司祭の数の減少。同時に,カトリック教会は職務上の由々しい危機を経験しています。司祭の数が世界中で減少しているのです。法王ヨハネ・パウロ2世はこれを「教会の抱える根本的な問題」とみなしています。例えば,ラ・レプブリカ紙は,「イタリアの司祭の数はこれまでになく減少している」と書き,ラ・チビルタ・カットリカ誌は,オランダの司祭の数の減り方は『目にあまる』と述べています。
ある新聞も,「毎週日曜日の礼拝集会に必ず集まる,全世界にあるカトリックの30万を数える地域共同体のうち,半数以上には司祭が常住していない」と述べて,その点を確証しています。
大きな関心事。この教会会議で最大の注意が向けられたのは,福音伝道でした。この会議に先立って,法王自身,「クリスチャン各自……が本質的に使徒である」ことを強調しました。
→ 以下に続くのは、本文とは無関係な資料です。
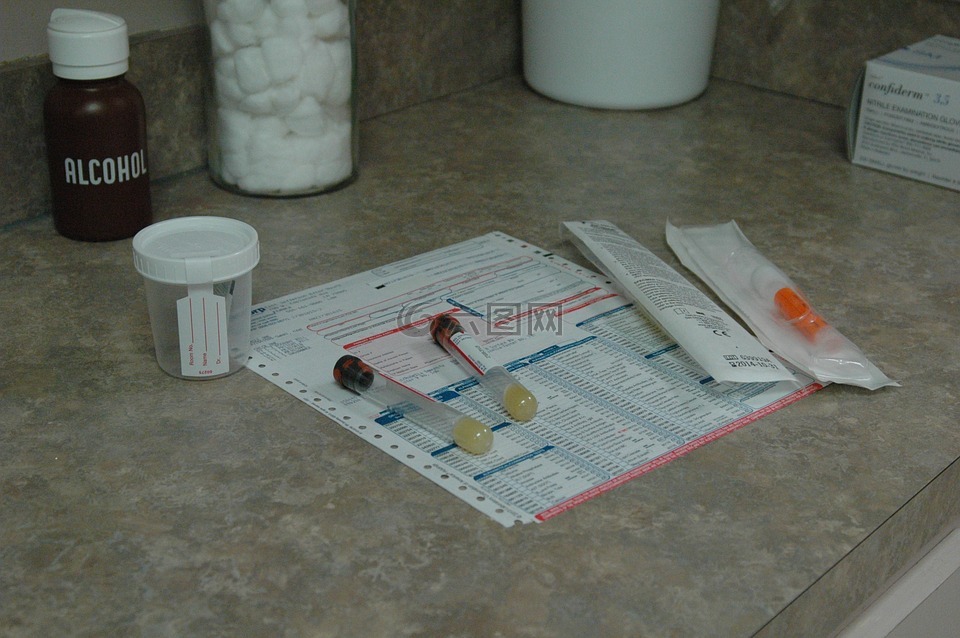 血液测试,尿液测试,医疗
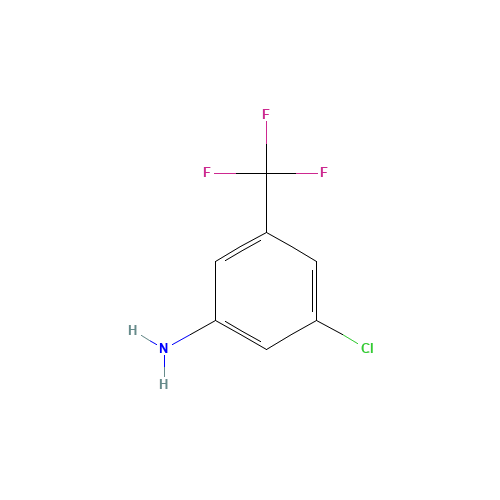 3-AMINO-5-CHLOROBENZOTRIFLUORIDE (CAS: 69411-05-8) - Related Chemical Product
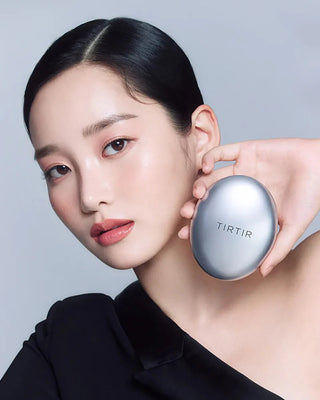 TIRTIR Mask Fit Aura Silver Cushion Foundation 24N Latte TIRTIR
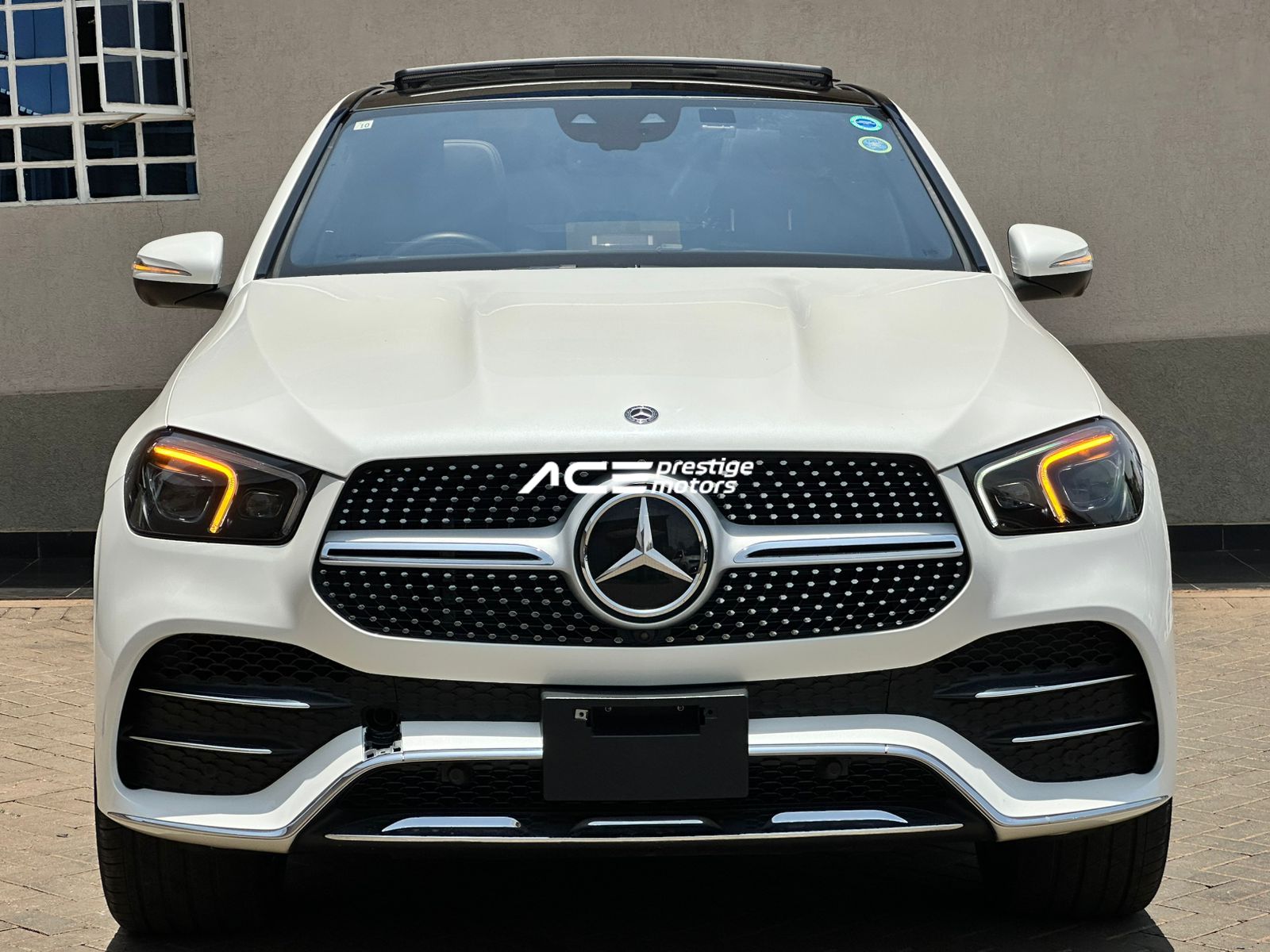 Image of Mercedes‑Benz GLE 400d YOM - 2020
しかし,多くの司教は,カトリック教徒自身「福音伝道を受け直す」必要があると主張しています。「様々な分派と新しい宗教団体に関する挑戦」と呼ばれるものがあるので,それが必要になる,と司教たちは言います。エクアドルの一司教は,もしカトリック教徒にふさわしい準備をさせないなら,『カトリック教徒は様々な分派に易々と打ち負かされることになる』と語りました。
司教たちが承認した最終的な提言の一つに,次のようなものがあります。「地上の多くの地域で,様々な分派が猛威を振るおうとしている。……信者は,自分自身の信仰の理由づけをするために,公教要理による覚醒を図るべきである」。教会会議は,『行ってすべての国で人々を弟子にする』ことをカトリック教徒に勧めました。しかし,その数,7億というカトリック教徒の「眠れる巨人」は,福音伝道の仕方を知らないのですから,どうして弟子を作れるでしょうか。
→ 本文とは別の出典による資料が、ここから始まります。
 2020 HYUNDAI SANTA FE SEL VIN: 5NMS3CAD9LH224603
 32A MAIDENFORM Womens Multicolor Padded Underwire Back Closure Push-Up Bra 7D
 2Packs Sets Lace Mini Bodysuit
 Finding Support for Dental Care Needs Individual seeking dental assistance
聖書には,「家から家」を訪ねてふさわしい人々を探し出すのが,真のクリスチャンの行なうべき業であることが明確に示されています。(使徒 5:42; 20:20。マタイ 10:11)では,その業に参加すべきなのはだれでしょうか。すべてのクリスチャンです。初期クリスチャンが自分たちの信仰を広めた方法について,フランスの歴史家,ギュスターブ・バルディはこう述べています。
「教会の設立当初から個人的な活動が見られる。また,最初の2世紀間に……キリスト教がその信者の大部分を獲得したのも,その方法によっていたものと思われる。信者各自は当然ながら使徒であった。……極貧の人,非常に無学な人,極度にさげすまれていた人,そのいずれであろうと,すべての人が自らを聖別してこの使徒職に就くことができた」。
実際,真のクリスチャンはみな,神の言葉の奉仕者なのです。真のクリスチャンの間には,僧職者と平信徒の区別はありません。そのような区別が生じたのは,原始キリスト教からの離反が起きた後のことです。(使徒 20:29,30)カトリック関係のある資料は,カトリック教会の僧職者と平信徒の区別には「神学的な根拠がない」ことを認めています。バチカンの消息筋であるジアンカルロ・ツィツォラは,初期クリスチャンの中には「司祭がおらず,彼らの中で奉仕者<ミニスター>の立場にいたのは執事,つまり長老であった。……彼らの間に聖職位階制はなかった」と述べました。
今日の真のクリスチャンは目覚めており,自分たちのクリスチャンとしての業を非常に積極的に行ない,神の王国の「良いたより」を熱心に宣べ伝えています。この雑誌をお届けしたのも,その人たちでしょう。―マタイ 24:14; 25:13。コリント第一 15:58。